Two cameras worth of config explained

  • go2rtc — Frigate's bundled restreamer. Cameras have one source feeding both detect and record paths; without it, FFmpeg opens two simultaneous RTSP sessions per camera, which some cameras don't tolerate.
  • Two FFmpeg inputs per camera — main stream for recording, substream for detection. Most ONVIF cameras provide both.
  • Zones — named polygons within the frame. An event is only emitted if a tracked object enters the zone.
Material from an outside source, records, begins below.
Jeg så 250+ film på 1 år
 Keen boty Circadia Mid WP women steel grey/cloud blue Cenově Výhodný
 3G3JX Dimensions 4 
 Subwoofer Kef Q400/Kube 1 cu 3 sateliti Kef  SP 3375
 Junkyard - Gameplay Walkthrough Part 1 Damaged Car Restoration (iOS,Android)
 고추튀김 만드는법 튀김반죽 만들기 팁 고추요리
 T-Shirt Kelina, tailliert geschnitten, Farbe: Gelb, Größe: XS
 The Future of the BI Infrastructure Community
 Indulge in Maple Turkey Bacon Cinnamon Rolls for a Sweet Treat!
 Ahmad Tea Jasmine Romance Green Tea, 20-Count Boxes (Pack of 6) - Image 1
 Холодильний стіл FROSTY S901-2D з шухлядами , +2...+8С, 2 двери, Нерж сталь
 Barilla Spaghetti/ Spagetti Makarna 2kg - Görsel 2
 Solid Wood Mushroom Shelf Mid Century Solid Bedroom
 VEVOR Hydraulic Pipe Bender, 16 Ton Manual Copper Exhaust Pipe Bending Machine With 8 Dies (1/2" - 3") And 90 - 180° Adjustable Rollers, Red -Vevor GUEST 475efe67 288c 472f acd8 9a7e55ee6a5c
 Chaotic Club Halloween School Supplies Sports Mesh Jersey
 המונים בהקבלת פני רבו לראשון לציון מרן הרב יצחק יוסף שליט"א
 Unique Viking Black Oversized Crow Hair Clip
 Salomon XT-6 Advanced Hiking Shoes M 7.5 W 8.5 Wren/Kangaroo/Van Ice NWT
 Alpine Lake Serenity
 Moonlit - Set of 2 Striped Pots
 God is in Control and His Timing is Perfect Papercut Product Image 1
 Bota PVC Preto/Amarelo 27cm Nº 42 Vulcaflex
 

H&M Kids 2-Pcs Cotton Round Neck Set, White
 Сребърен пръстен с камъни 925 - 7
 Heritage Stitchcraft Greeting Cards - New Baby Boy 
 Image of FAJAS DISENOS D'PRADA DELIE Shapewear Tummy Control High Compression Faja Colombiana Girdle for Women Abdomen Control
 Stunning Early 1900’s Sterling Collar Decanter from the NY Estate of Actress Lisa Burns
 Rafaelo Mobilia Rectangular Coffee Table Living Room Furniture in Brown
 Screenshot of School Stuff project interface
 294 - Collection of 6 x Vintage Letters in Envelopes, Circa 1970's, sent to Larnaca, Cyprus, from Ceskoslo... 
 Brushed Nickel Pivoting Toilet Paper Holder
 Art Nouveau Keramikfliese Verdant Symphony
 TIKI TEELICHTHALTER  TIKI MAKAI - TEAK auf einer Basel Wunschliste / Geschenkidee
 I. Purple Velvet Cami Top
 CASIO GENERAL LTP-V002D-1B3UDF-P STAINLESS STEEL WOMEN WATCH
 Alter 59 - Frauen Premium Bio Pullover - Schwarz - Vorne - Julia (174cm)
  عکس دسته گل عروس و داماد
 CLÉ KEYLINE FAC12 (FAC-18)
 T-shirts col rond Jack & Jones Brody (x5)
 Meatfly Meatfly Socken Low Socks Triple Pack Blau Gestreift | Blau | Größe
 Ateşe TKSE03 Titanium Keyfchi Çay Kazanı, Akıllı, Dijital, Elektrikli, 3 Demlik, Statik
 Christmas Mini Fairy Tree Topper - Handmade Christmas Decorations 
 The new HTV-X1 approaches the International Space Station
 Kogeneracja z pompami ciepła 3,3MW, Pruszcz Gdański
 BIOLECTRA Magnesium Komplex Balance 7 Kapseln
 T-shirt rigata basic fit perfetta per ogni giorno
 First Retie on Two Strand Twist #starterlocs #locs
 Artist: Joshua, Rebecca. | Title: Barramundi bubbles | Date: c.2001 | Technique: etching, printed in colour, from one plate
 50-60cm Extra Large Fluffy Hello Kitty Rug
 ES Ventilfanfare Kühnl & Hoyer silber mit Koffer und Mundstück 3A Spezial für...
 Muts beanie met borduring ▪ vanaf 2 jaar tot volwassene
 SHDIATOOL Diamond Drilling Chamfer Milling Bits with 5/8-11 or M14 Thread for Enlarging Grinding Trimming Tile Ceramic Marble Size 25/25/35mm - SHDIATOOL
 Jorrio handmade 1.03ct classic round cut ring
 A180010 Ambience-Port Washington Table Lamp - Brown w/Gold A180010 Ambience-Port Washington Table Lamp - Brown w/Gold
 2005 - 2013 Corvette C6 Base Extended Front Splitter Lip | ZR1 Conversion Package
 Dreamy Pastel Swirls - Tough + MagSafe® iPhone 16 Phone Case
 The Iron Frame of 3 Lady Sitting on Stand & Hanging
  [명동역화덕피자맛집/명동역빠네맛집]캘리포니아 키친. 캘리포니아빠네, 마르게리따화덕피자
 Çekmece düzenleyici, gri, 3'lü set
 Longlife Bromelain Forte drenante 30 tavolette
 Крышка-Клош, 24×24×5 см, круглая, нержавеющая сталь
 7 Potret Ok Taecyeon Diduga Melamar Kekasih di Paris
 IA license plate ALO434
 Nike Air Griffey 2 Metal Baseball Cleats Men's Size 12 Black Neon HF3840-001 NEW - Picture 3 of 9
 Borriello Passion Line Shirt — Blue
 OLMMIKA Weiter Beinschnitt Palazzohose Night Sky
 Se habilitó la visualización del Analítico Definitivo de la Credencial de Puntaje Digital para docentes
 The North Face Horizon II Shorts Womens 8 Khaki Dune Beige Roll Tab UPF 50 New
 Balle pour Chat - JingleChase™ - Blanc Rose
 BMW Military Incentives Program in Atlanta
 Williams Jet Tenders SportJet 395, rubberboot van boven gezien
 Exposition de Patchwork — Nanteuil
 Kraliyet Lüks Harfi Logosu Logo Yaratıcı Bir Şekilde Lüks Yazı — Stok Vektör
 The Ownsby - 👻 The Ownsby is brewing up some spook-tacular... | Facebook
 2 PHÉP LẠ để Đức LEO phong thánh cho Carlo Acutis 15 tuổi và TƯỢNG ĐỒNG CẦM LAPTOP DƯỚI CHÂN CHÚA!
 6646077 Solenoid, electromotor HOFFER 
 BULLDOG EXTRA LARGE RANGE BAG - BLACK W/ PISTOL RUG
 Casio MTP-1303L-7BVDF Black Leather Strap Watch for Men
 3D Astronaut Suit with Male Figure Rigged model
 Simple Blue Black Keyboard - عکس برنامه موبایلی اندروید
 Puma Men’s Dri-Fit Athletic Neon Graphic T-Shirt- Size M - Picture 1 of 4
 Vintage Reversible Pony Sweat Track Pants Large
This is how "ignore the neighbour's dog but alert on people in the driveway" gets implemented.
  • objects.track — the COCO classes the model can detect (person, car, dog, cat, bicycle, motorcycle, etc.). The default ssd_mobilenet_v2 model trained on COCO handles common indoor/outdoor objects well.

MQTT events and Home Assistant

Every detection / event publishes to frigate/events:

{
  "type": "new" | "update" | "end",
  "after": {
    "id": "1727450000.12345-abc",
    "camera": "backyard",
    "label": "person",
    "zones": ["driveway"],
    "score": 0.91,
    "box": [123, 456, 250, 580],
    "snapshot_time": 1727450000.12,
    "current_zones": ["driveway"]
  }
}

Home Assistant's official Frigate integration parses these and exposes per-camera, per-object sensors plus a media_player for the live stream. Set up via Settings → Devices & Services → Add Integration → Frigate (after installing it from HACS or the built-in repo).

The web UI

At http://<host>:5000/:

  • Live camera grid with WebRTC playback
  • Events timeline with filterable object/zone/camera
  • Per-event clip viewer with the bounding box overlaid
  • Settings → Debug feed with the live detection annotations

The web UI is functional but minimal; for full home-automation surface integration, Home Assistant's Frigate card is the polished consumer view.

Hardening

  • Put Frigate behind a reverse proxy with auth (it has its own auth in 0.14+; older versions need an outer proxy with basic auth or an OIDC layer via Authentik / Step CA).
  • Camera RTSP credentials are baked into the config — restrict the YAML's file permissions and don't commit secrets to a public repo.
  • Run cameras on an isolated VLAN with no internet access. Most cheap IP cameras phone home in ways their datasheets don't disclose.

Performance worth knowing

  • One Coral TPU handles roughly 5–8 cameras at 5 FPS detection. Two Corals or a more powerful GPU for more.
  • Detection at 5 FPS × 640×480 is enough for object tracking; pushing to 10 FPS doubles inference work for marginal accuracy gain.
  • Recording bitrate — most cameras default to 8–12 Mbps for 4 MP H.264. H.265 cuts that in half if the camera and downstream players support it.